Massimiliano Panarari

Chi di Iena ferisce, di Iena perisce. Non si tratta di un film di Quentin Tarantino, ma della realtà della cronaca politica di queste giornate – o, forse, dell’iperrealtà che in epoca postmoderna risulta talvolta più reale del reale. E, di sicuro, lo scandalo che sta lambendo Luigi Di Maio, portato alla luce da Le Iene, si sta rivelando una vicenda piuttosto pulp per il vicepremier e ministro del Lavoro alle prese con un padre utilizzatore di lavoro nero nella propria ditta. I suoi numerosissimi sostenitori e follower invocano il principio per cui le colpe dei padri non devono ricadere sui figli, ma nella fattispecie appare come una giustificazione «pelosa» e doppio-pesista, visto che il leader pentastellato ha costruito le sue fortune sull’invocazione assolutistica della virtù prepolitica dell’onestà, e ha ampiamente fatto ricorso all’argomento della colpevolezza genitoriale per attaccare il Pd. L’affaire familiare di Di Maio, con il doloroso balletto di «non so», prese di distanza e imbarazzi assume i tratti della nemesi. E conferma quanto il paradigma della neotv rimanga sempre rilevante e significativo in Italia nel dettare l’agenda politica (come aveva illustrato Umberto Eco, i cui scritti sul tema sono raccolti nell’antologia Sulla televisione, La nave di Teseo).

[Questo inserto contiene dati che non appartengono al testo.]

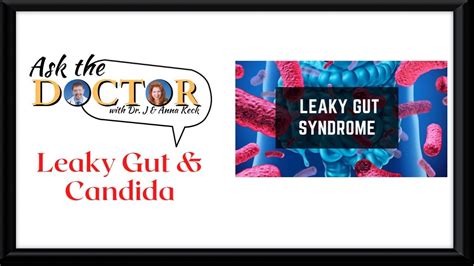 Leaky Gut And Candida Youtube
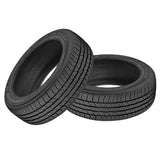 1 X New Dunlop SIGNATURE II 215/60R17 96T Tires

È precisamente una nemesi quella che va ora in scena (e in onda) perché il grillismo si rivela molto debitore dell’ideologia giustizialista, non solo nella sua versione politica – e di partito sponda di «una certa idea della magistratura» – ma anche (e, forse, specialmente) con riferimento alla giustizia fai da te e secondo i canoni della società dello spettacolo. Quella incarnatasi, giustappunto, in una serie di trasmissioni televisive – in primis, Striscia la notizia, Le Iene, e per qualche verso anche Chi l’ha visto? – da cui emerge una sostanziale sfiducia nei confronti della politica tradizionale e di establishment come strumento di risoluzione dei problemi, da sostituire nel nome di una ben maggiore efficacia ed efficienza tramite il piccolo schermo. Programmi di «infotainment 2.0» e «politica pop», come ha scritto lo studioso Gianpietro Mazzoleni – spesso imbevuti di intuizioni e trovate direttamente provenienti dall’armamentario del situazionismo – che si propongono con una funzione di denuncia e di servizio a favore dei cittadini; e che hanno contribuito in maniera potente alla costruzione del discorso pubblico del gentismo e di quel clima di opinione ispirato all’anti-politica di cui, non per caso, ha beneficiato innanzitutto il Movimento 5 Stelle. A partire, beninteso, dall’inoppugnabile dato di fatto di una corruzione praticamente endemica rispetto alla quale il neopopulismo si è presentato proprio come la ricetta utile a operare una bonifica. Ed ecco, così, Beppe Grillo che indossa i panni del «Gabibbo barbuto», e il giustizialismo neotelevisivo che ha fornito quadri dirigenti e frontman da inviare nei talk (come l’ex Iena Dino Giarrusso o l’ex «domatore di leoni» de La Gabbia Gianluigi Paragone). E, soprattutto, format comunicativi che si sono trasformati in «forma politica» e nell’informe e liquidissimo partito-movimento del M5S. E che ora si rivoltano contro i loro finora invincibili apprendisti stregoni, che hanno alimentato (e capitalizzato) la ribellione derivante dal disagio sociale e dal malcontento esistenziale. Un po’ come avvenne nella Rivoluzione francese, che divorò e spedì sulla ghigliottina gli stessi giacobini e montagnardi artefici del Terrore.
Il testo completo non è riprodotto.